Pertanyaan-pertanyaan tersebut jauh lebih penting daripada sekadar menghitung berapa banyak perlombaan yang kita selenggarakan setiap bulan Agustus.

Sebab, para pahlawan telah memberikan kemerdekaan dengan pengorbanan yang luar biasa. Tugas generasi hari ini bukan lagi mengangkat senjata melawan penjajah, melainkan mengembangkan ilmu pengetahuan, memperkuat karakter, membangun ekonomi, menjaga persatuan, melawan kebodohan, demi menghadirkan kemajuan bagi bangsa dan negara.

Baca juga: HUT ke-81 RI, MUI Ajak Masyarakat Jaga Moral Bangsa

Mengisi Kemerdekaan dengan Kebaikan

Pada akhirnya, kemerdekaan adalah amanah antargenerasi. Para pendahulu telah berjuang untuk merebut dan mempertahankannya. Generasi hari ini berkewajiban menjaga dan mengisinya. Sementara generasi yang akan datang berhak menerima warisan bangsa dalam keadaan yang lebih baik.

Karena itu, memperingati kemerdekaan seharusnya tidak hanya membuat kita bangga terhadap masa lalu, tetapi juga membuat kita bertanggung jawab terhadap masa depan.

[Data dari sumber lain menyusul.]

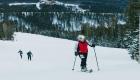 अमेरिका: 75 साल की शेरन ने अपहिल स्की रेसिंग में हिस्सा लिया, सबसे उम्रदराज खिलाड़ी बनीं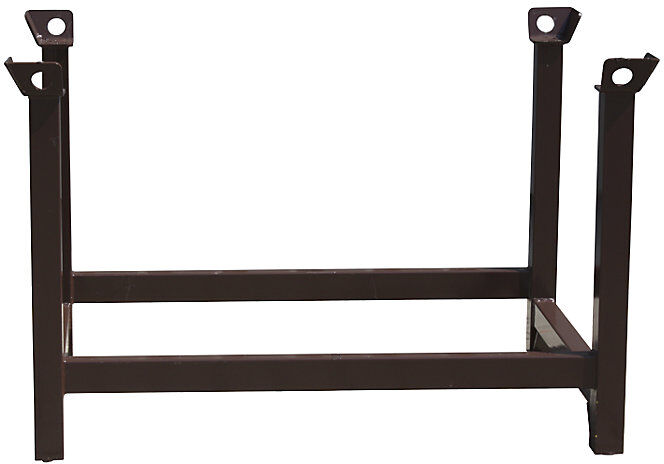 Stapelpalette, LxBxH 1500 x 800 x 750 mm, schokoladenbraun Eichinger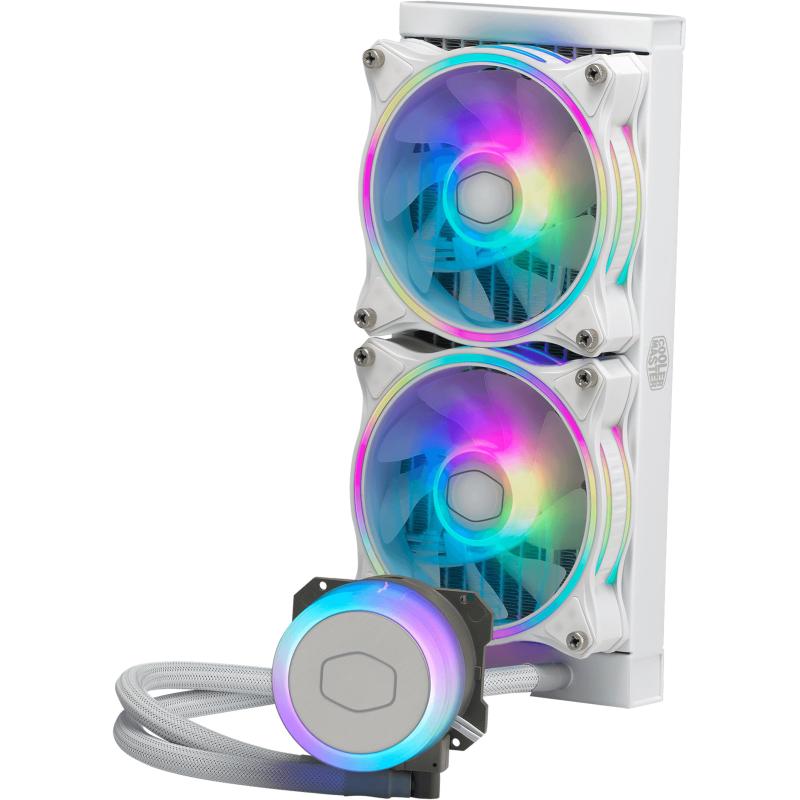 Cooler Master MasterLiquid ML240 Illusion Blanca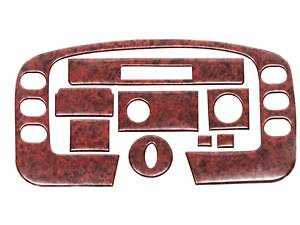Накладки на панель (1994-1997) Дерево для Ford Transit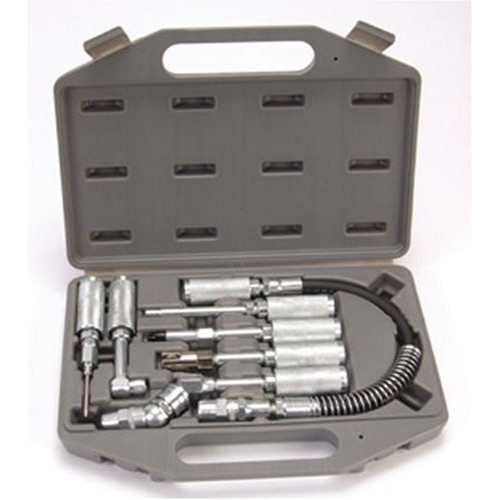 Grease Pumps and Accessories | Lincoln Industrial 58000 7-Piece Heavy-Duty Lube Accessory Kit image number 0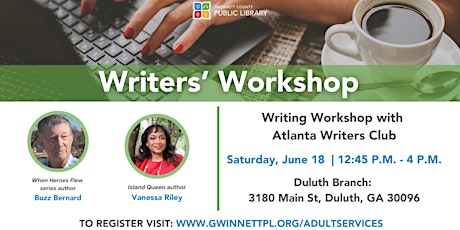 Writing Workshop with Atlanta Writers Club tickets
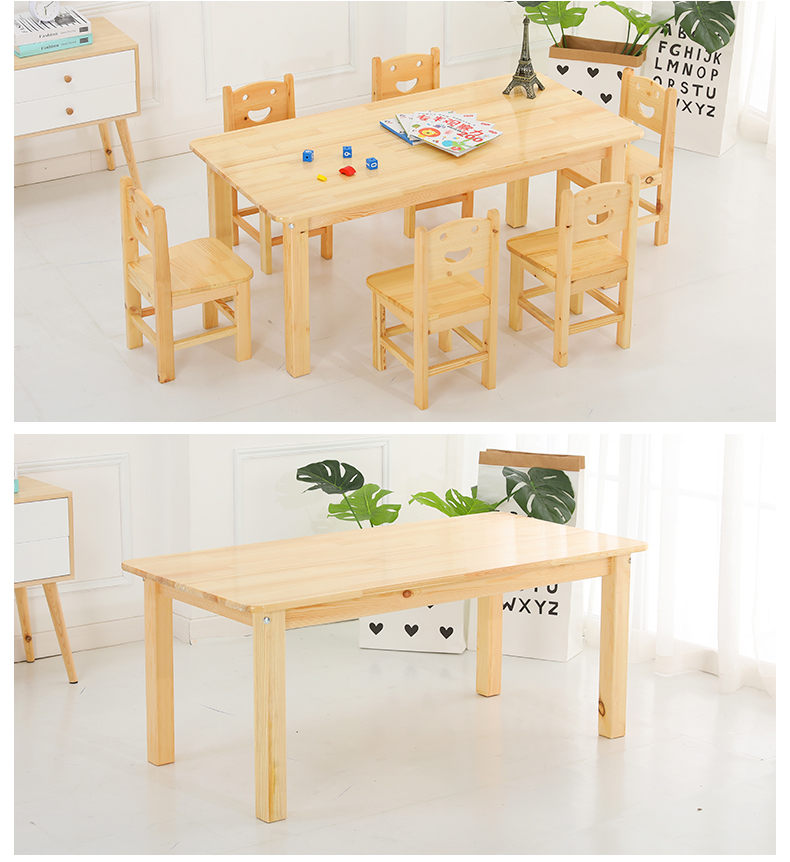 幼兒園實(shí)木家具的維護(hù)保養(yǎng)周期越短越好嗎？要關(guān)注幾個方面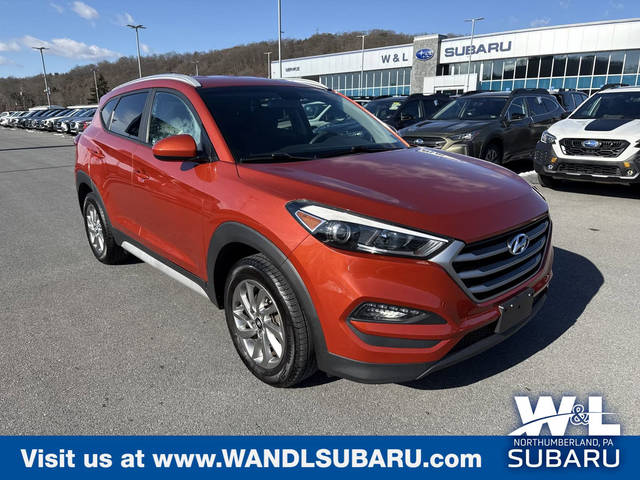 2017 Hyundai Tucson SE AWD photo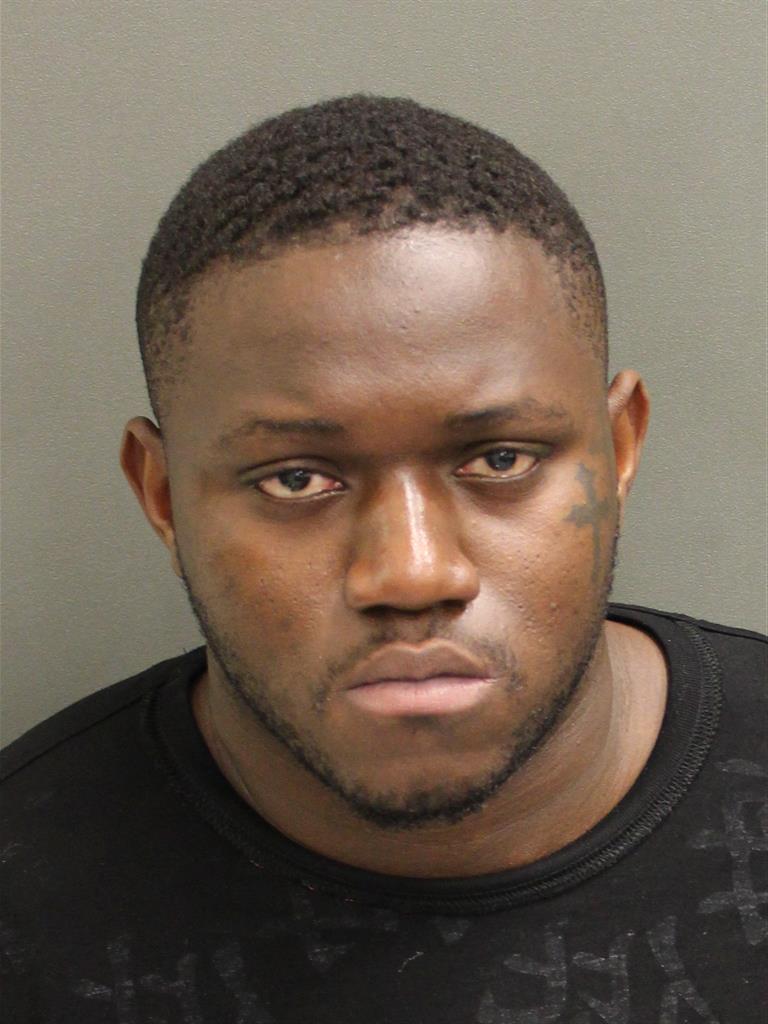  KEANU DESHAWN COMER Mugshot / County Arrests / Orange County Arrests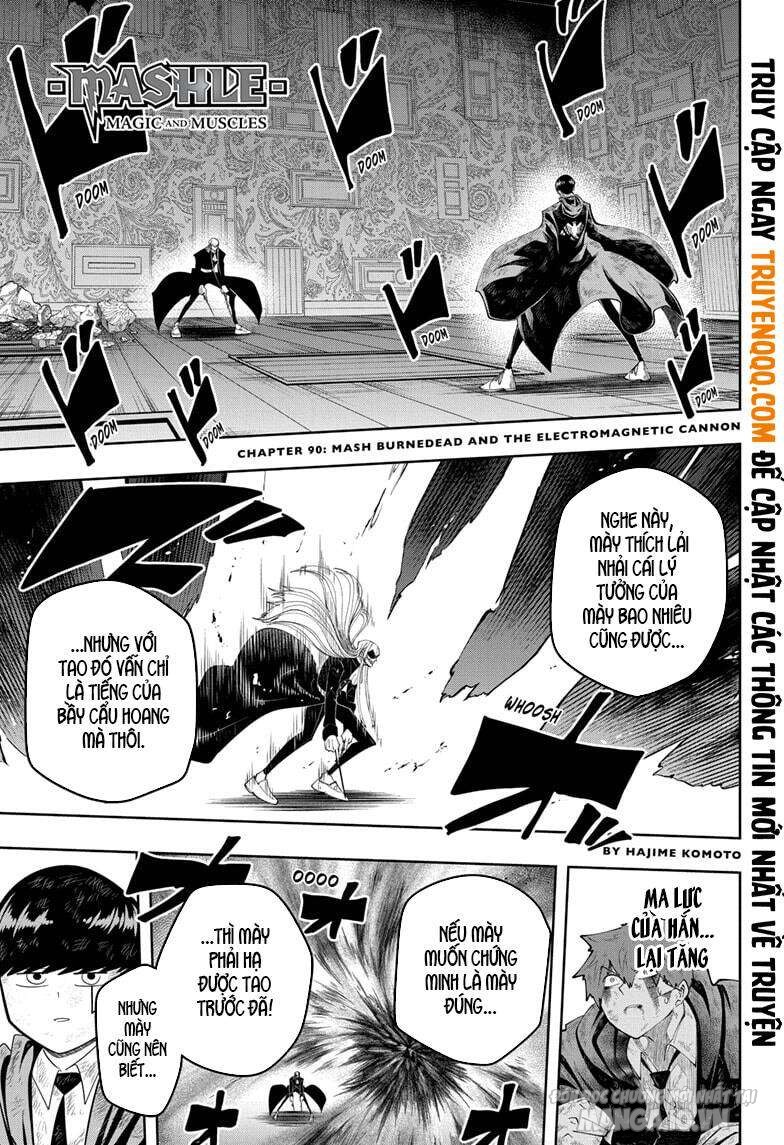 Mashle: Magic And Muscles Chapter 90 - Trang 2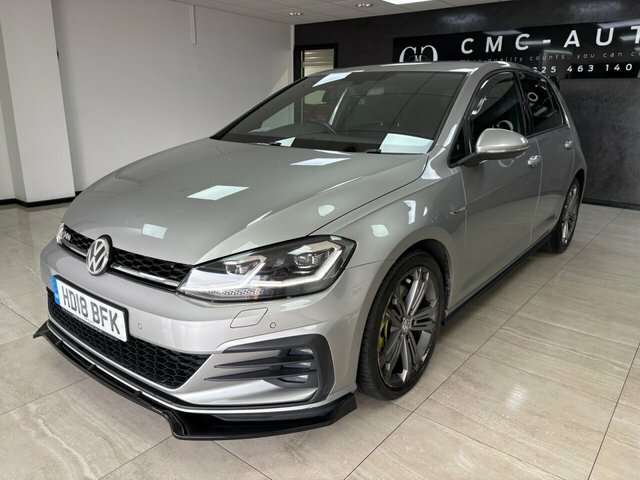 Volkswagen Golf Gt White #8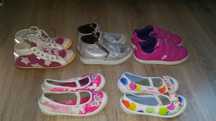 Buty dla dziewczynki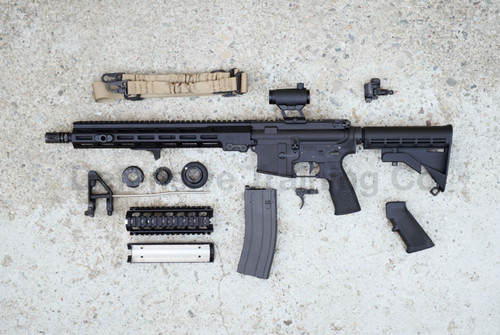 Custom tokyo marui m4a1 - m4a1, mws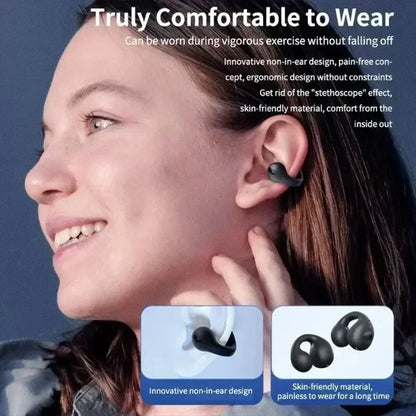 Wireless Bluetooth 5.3 Headphones – Sports Earphones HiFi Waterproof TWS Headset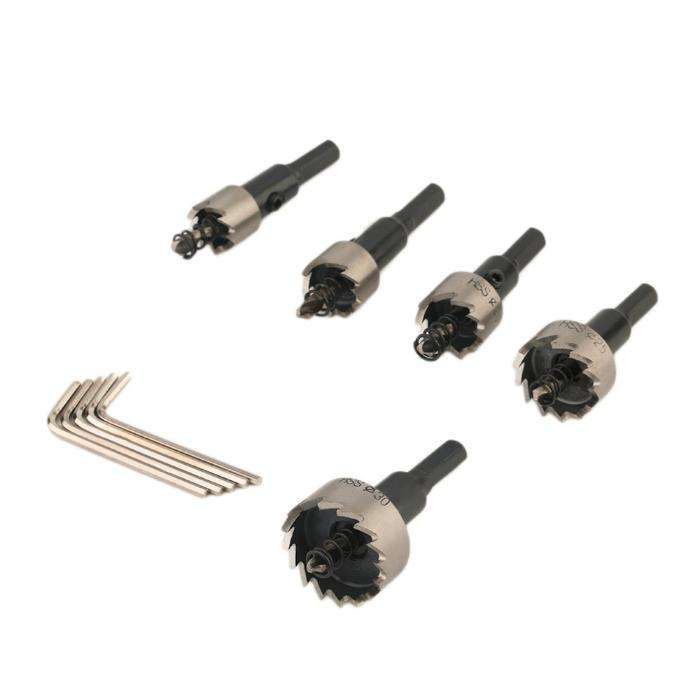 Conjunto de cortantes.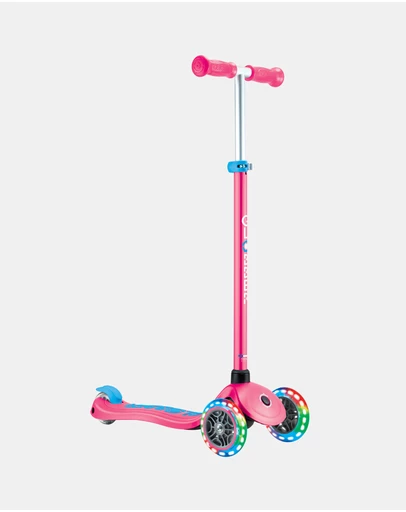 Globber - PRIMO PLUS with Lights Scooter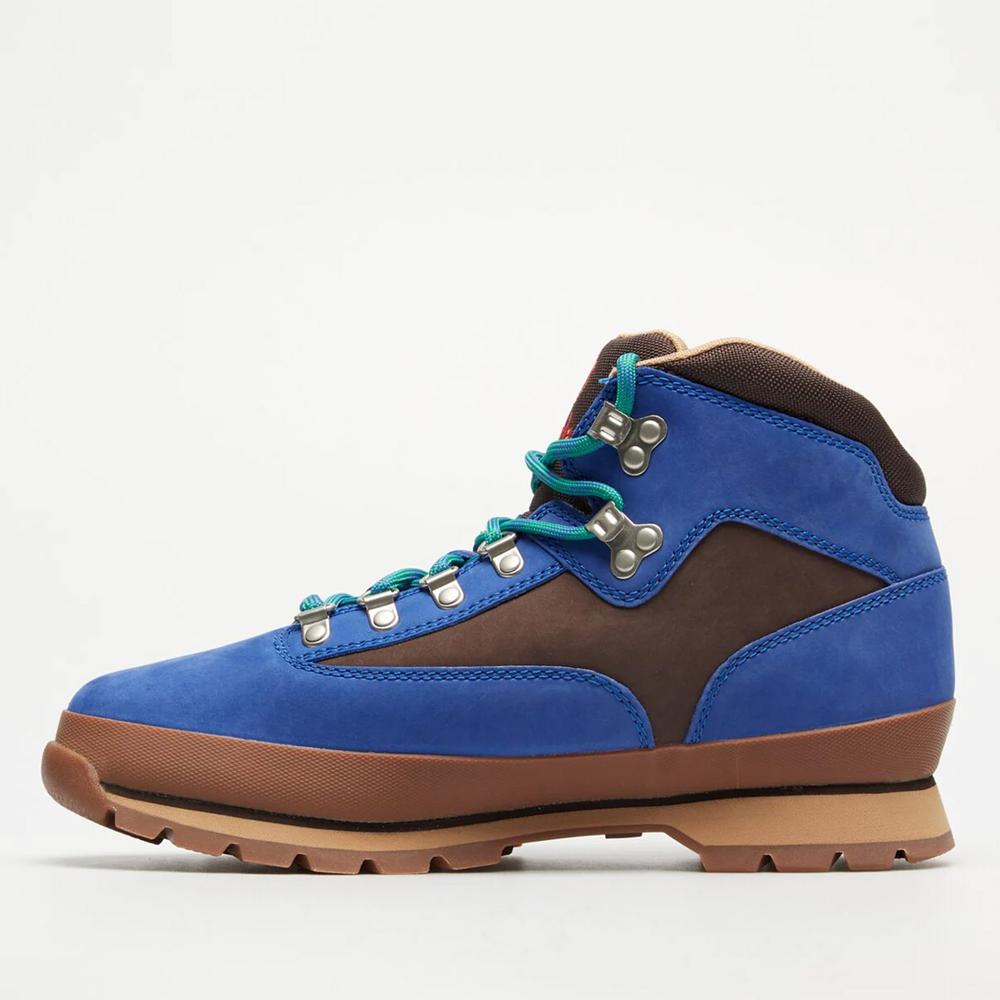 Férfi cipő Timberland Euro Hiker Mid Lace TB0A2PUSELD1 - kék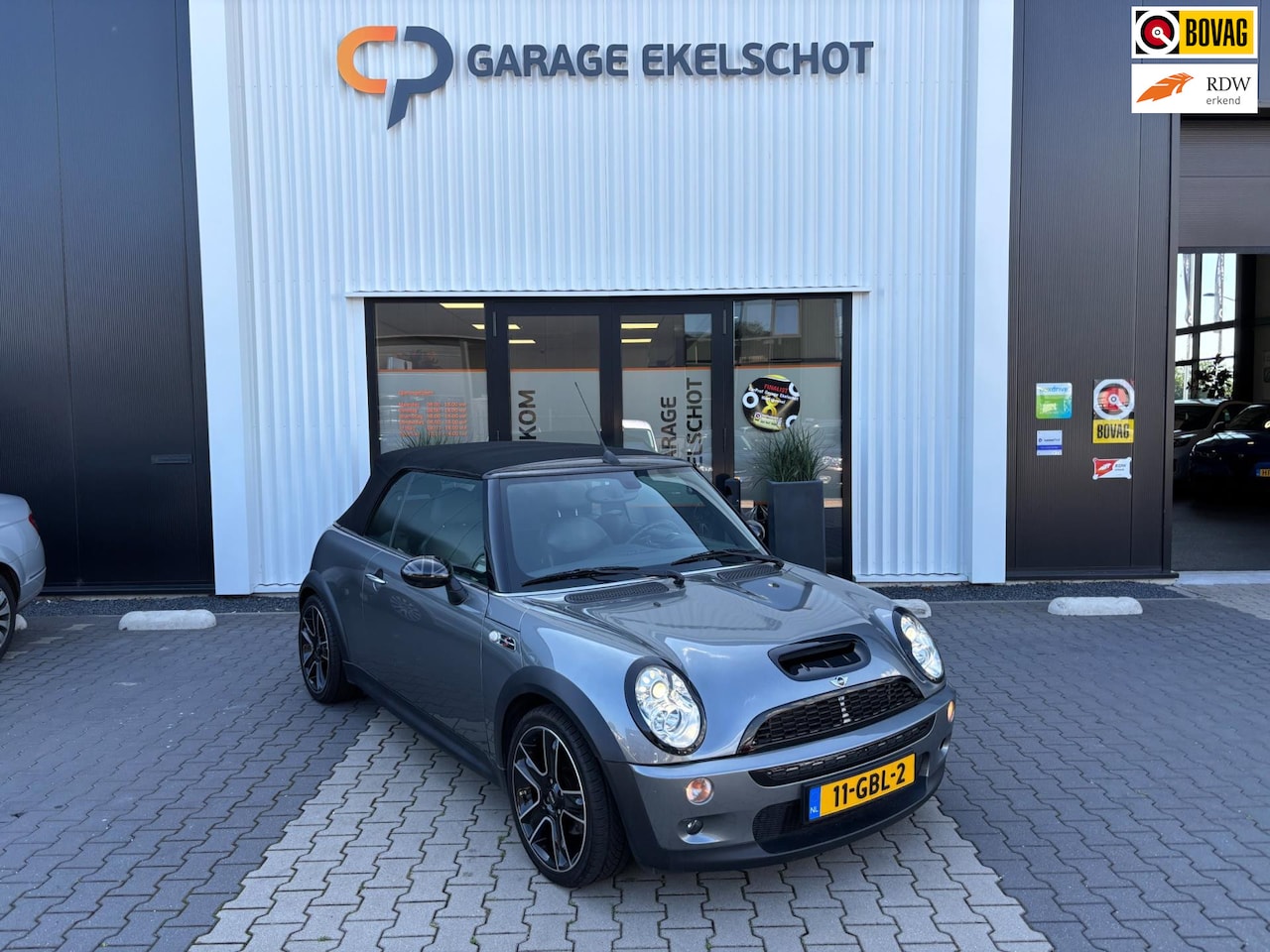 MINI Cabrio - Mini 1.6 Cooper S / Airco / Stoelverwarming / Cruise Control - AutoWereld.nl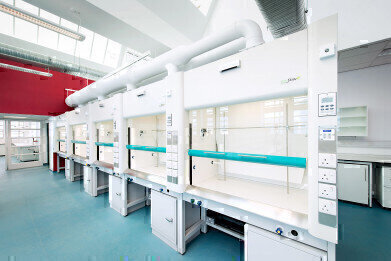 International Sustainability Award for TEL University of Glasgow Project 
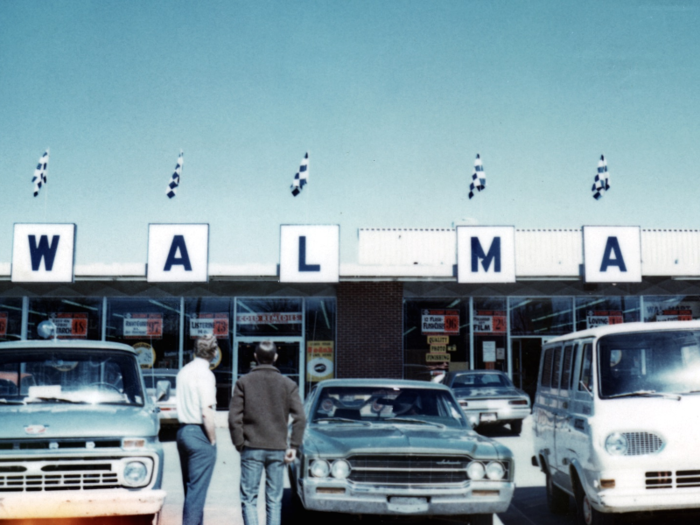 A little over a decade later, Walton decided to open the first Walmart, a chain with a central focus on discount.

Mari menjadikan bulan kemerdekaan sebagai momentum untuk melakukan introspeksi. Bukan sekadar bertanya tentang apa yang telah diberikan oleh bangsa dan negara kepada kita, tetapi juga bertanya, apa yang telah kita berikan?



Kemerdekaan yang sesungguhnya bukan hanya ketika sebuah bangsa terbebas dari penjajahan. Kemerdekaan juga tercermin ketika masyarakatnya terbebas dari kebodohan, kemiskinan mental, ketidakjujuran, ketidakpedulian, dan berbagai perilaku yang merusak kehidupan bersama.

Jika para pahlawan dahulu berjuang dengan darah dan nyawa untuk merebut kemerdekaan, maka perjuangan generasi sekarang adalah mempertahankannya dengan ilmu, akhlak, integritas, kerja keras, persatuan, dan pengabdian. Inilah cara terbaik untuk menghormati para pahlawan: bukan hanya dengan mengenang perjuangan mereka, tetapi dengan memastikan bahwa pengorbanan mereka tidak menjadi sia-sia.

Isi artikel tidak merepresentasikan suara redaksi serta merupakan opini sekaligus tanggungjawab penulis sepenuhnya.